*WHAT THIS TASK INVOLVES:*
Where the line containing "#059-FP659 Searston Knit" appears below, begin there and reproduce each line exactly through the last one, omitting pictures.

[Web page caption snippets]

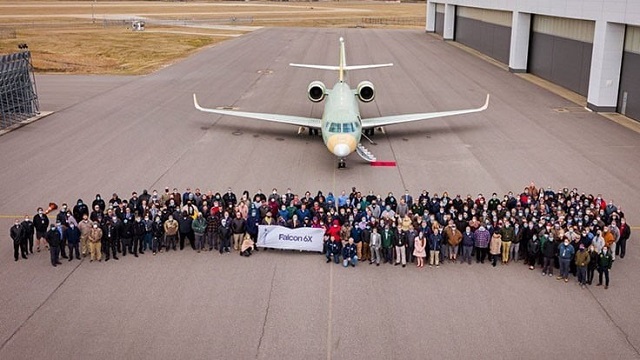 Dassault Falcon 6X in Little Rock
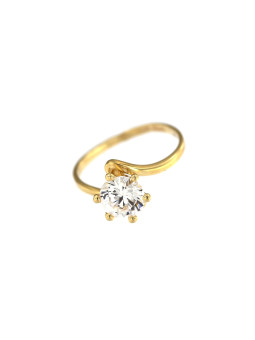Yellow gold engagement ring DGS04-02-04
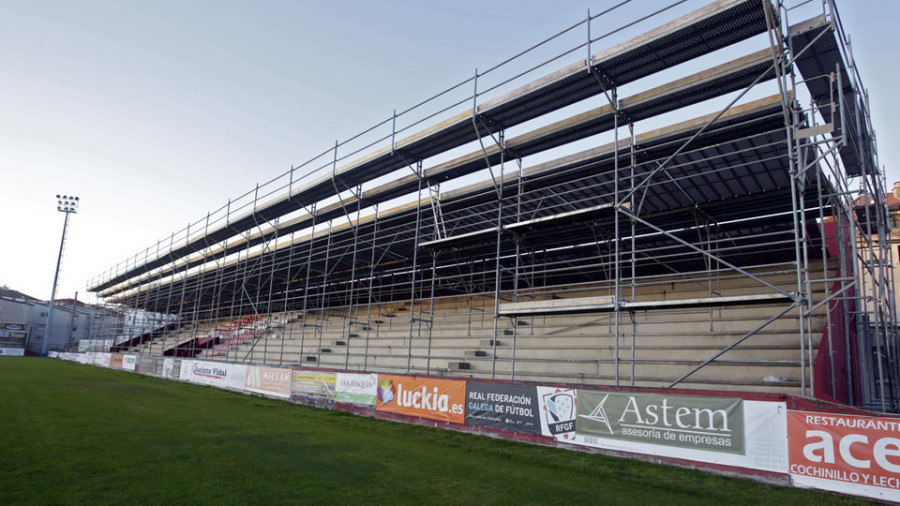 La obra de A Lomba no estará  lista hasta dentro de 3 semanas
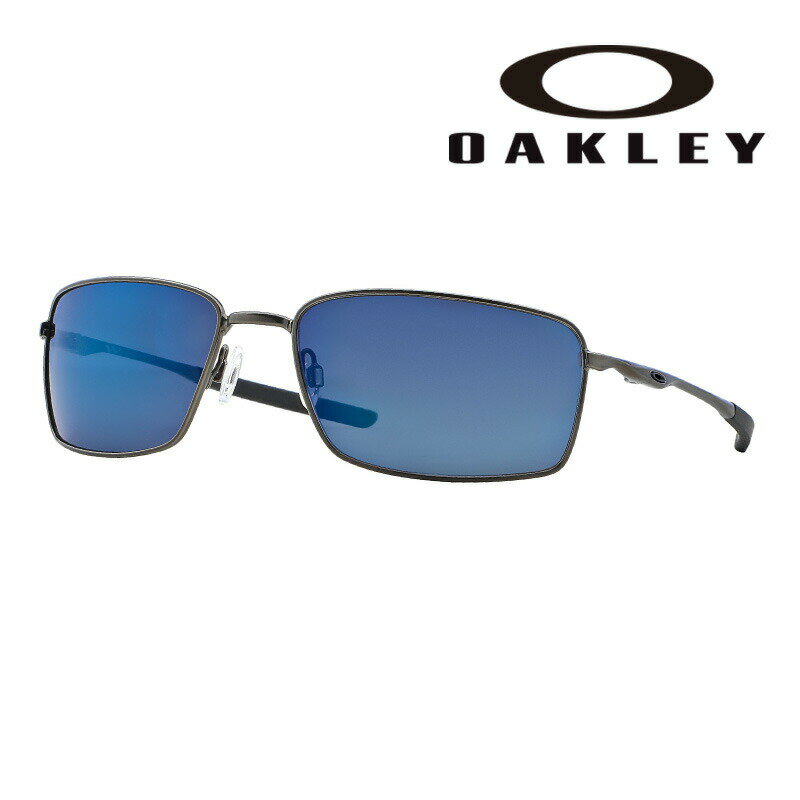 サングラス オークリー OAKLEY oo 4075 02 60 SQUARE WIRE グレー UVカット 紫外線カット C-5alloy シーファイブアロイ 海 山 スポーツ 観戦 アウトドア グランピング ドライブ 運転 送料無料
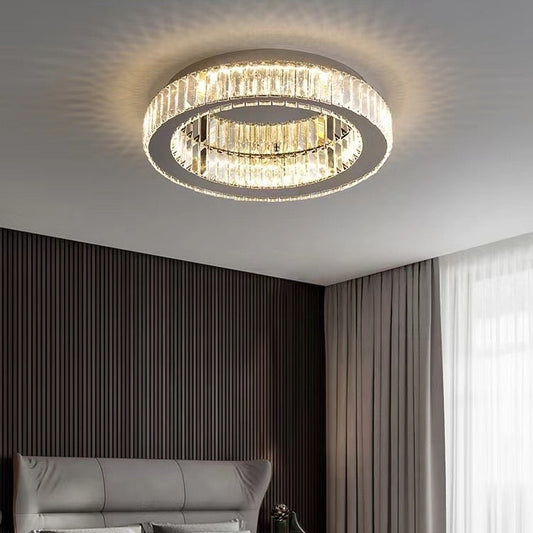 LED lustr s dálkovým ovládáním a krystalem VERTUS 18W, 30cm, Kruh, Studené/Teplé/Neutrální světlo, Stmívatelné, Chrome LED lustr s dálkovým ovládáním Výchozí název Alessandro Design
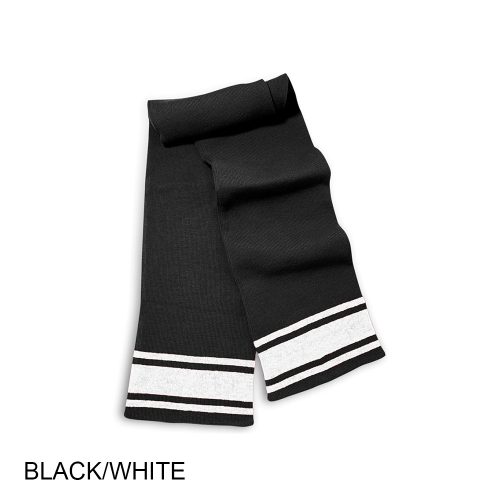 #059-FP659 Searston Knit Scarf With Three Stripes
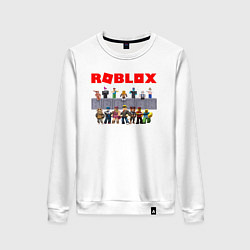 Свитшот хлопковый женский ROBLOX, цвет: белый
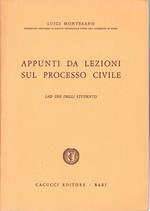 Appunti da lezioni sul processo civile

*TASK RESPONSE:*
 #059-FP659 Searston Knit Scarf With Three Stripes
 Свитшот хлопковый женский ROBLOX, цвет: белый
 Appunti da lezioni sul processo civile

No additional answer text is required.